Hi
I knew one of the fellows that wrote the 3000 code for
the double density controller. A fellow named Lou Bolardo.
It always astounded me that it took 2 boards to do a disk
controller. I guess when one is selling the systems at
$10K+ it didn't make too much difference as to how much
space one used.
Dwight
From: "Steve Thatcher"
<melamy(a)earthlink.net>
the very first MDS800 I worked on in 1977 was SD based and used ISIS (not
ISIS-II). In fact, I even had the paper tape reader and punch to go with
it. Company is long gone of course, but my memory lingers on.

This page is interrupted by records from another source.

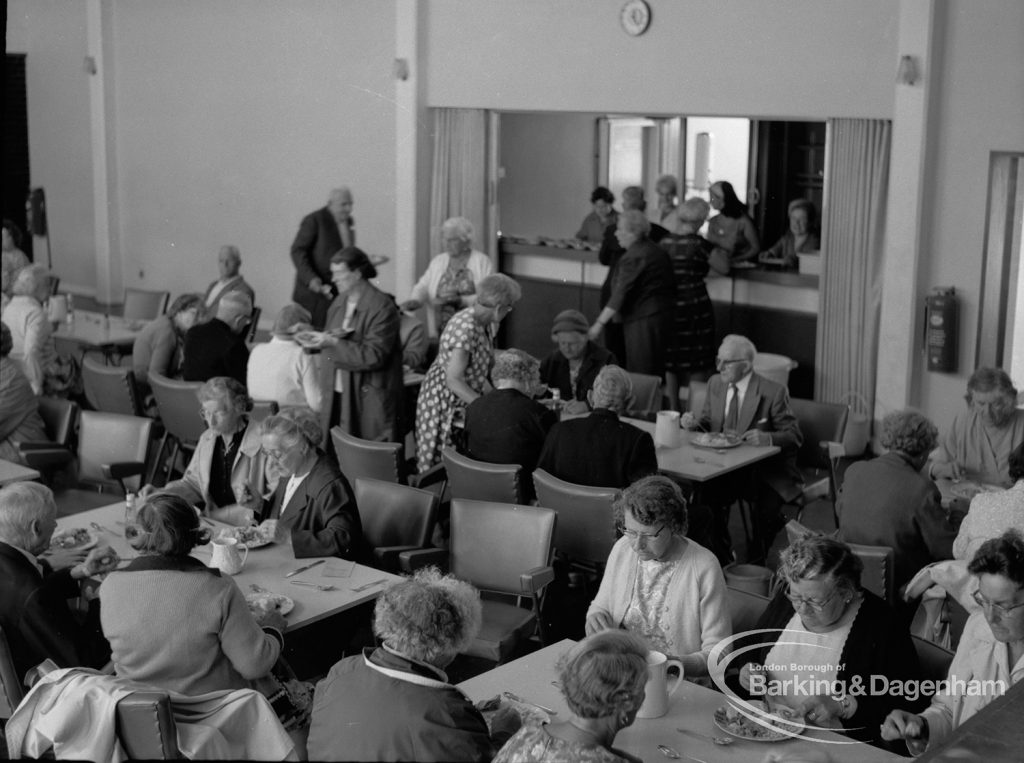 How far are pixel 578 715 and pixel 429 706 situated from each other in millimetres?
389

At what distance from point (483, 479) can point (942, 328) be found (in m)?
3.90

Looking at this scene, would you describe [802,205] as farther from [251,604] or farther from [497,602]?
[251,604]

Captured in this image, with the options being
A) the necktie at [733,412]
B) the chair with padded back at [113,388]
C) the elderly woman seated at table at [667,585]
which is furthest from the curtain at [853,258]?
the elderly woman seated at table at [667,585]

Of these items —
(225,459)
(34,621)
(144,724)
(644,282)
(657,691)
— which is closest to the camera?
(144,724)

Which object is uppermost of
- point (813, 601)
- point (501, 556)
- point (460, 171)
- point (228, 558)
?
point (460, 171)

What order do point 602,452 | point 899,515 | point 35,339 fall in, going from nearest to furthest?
point 899,515, point 602,452, point 35,339

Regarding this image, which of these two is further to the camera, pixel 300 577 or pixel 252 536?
pixel 252 536

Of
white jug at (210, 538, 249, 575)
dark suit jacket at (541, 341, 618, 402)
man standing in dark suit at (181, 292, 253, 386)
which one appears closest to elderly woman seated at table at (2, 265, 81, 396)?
man standing in dark suit at (181, 292, 253, 386)

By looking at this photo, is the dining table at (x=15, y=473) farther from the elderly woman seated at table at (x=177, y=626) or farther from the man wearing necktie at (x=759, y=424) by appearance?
the man wearing necktie at (x=759, y=424)

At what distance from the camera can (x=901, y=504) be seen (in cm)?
482

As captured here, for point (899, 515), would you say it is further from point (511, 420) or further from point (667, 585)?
point (511, 420)

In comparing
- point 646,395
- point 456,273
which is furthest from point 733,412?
point 456,273

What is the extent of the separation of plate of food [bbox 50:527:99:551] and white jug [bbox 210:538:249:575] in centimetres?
59

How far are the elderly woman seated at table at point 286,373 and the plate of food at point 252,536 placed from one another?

When I spoke about the 8271, I was talking about the IOC board in the
series II and was not talking about the MDS800 because it had no internal
boards other than the bus board all the carded plugged into. The 8271 was
not introduced until 1977 when the Series II was released. The MDS800 was
released in 1975.
Their decision was based on available technology...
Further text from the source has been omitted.